Summary of Chapter VI
The Captain dies in December and news goes out on the telegraph. Flowers and telegrams come but few of his old railroad friends attend his funeral. His only two pallbearers are Judge Pommeroy and Dr. Dennison. On the morning of the funeral, Adolph Blum knocks at the kitchen door in his old clothes and gives a box of yellow roses for the Captain. It is the only gesture that day that makes Marian cry.
The funeral is large with old settlers and farm folk coming to pay respect. Marian decides to have the sun-dial put on his grave as a tombstone and plant his rose bushes next to it. The Judge and Niel and Marian have tea in the parlor as they watch the winter snows begin to fall.
Commentary on Chapter VI
The Captain’s death announces Marian’s freedom, but it also announces the end of an era. The common folk, the old settlers, respond by coming to the funeral to pay their respects. The Forresters, however, are not part of any high society now, and his old friends can’t make it. The sun-dial on his grave and the roses as a memorial are the perfect touches from Marian’s hand.
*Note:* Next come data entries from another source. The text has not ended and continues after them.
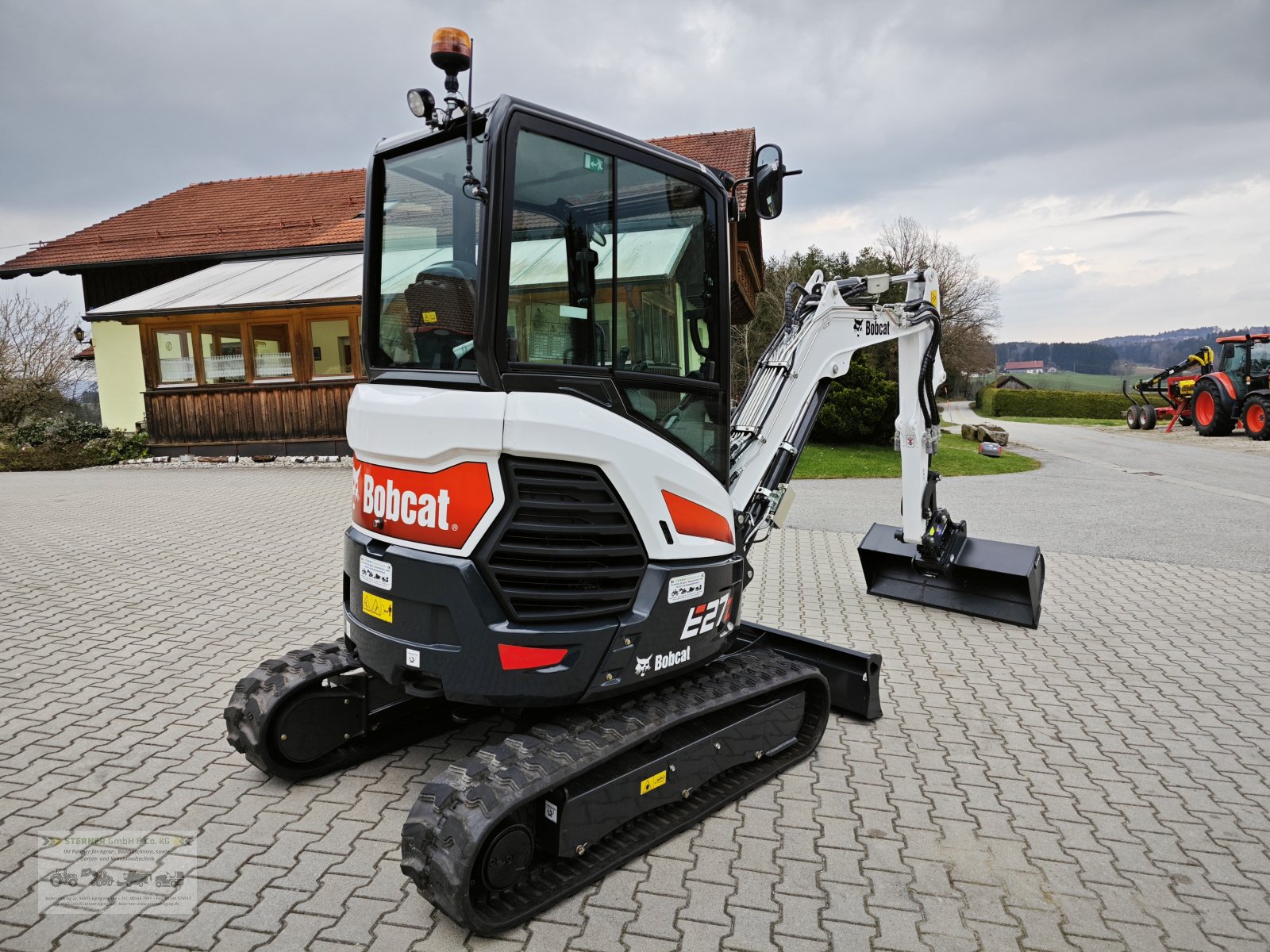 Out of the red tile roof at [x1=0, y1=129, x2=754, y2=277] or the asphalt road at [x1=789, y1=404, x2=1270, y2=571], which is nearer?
the asphalt road at [x1=789, y1=404, x2=1270, y2=571]

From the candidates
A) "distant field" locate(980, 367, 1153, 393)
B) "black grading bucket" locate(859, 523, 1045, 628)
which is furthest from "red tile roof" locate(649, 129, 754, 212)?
"distant field" locate(980, 367, 1153, 393)

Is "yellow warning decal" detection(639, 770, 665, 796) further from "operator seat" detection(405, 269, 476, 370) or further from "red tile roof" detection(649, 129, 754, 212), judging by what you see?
"red tile roof" detection(649, 129, 754, 212)

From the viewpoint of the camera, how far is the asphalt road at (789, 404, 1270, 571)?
941 cm

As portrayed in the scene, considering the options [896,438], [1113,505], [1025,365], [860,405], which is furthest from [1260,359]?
[1025,365]

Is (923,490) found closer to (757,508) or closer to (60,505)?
(757,508)

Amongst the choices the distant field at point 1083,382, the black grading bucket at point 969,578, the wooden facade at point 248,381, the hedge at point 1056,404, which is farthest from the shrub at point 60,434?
the distant field at point 1083,382

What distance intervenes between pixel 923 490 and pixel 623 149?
398 centimetres

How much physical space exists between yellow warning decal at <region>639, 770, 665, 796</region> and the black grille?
72 cm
The sun-dial represents the passage of time, and the passage of an age. It is an elegy for what has been lost. The roses have symbolized the Captain’s life, his contribution to his times. He has left a legacy, mostly intangible now, that perhaps few besides Niel could grasp. Marian is sensitive to the gesture of the Blum brothers who knew to give the Captain roses. She knows it cost them a lot, for they are not rich, but the Captain was loved, and the roses remind her of that. The winter, that Marian has always dreaded, has arrived, and she is now alone.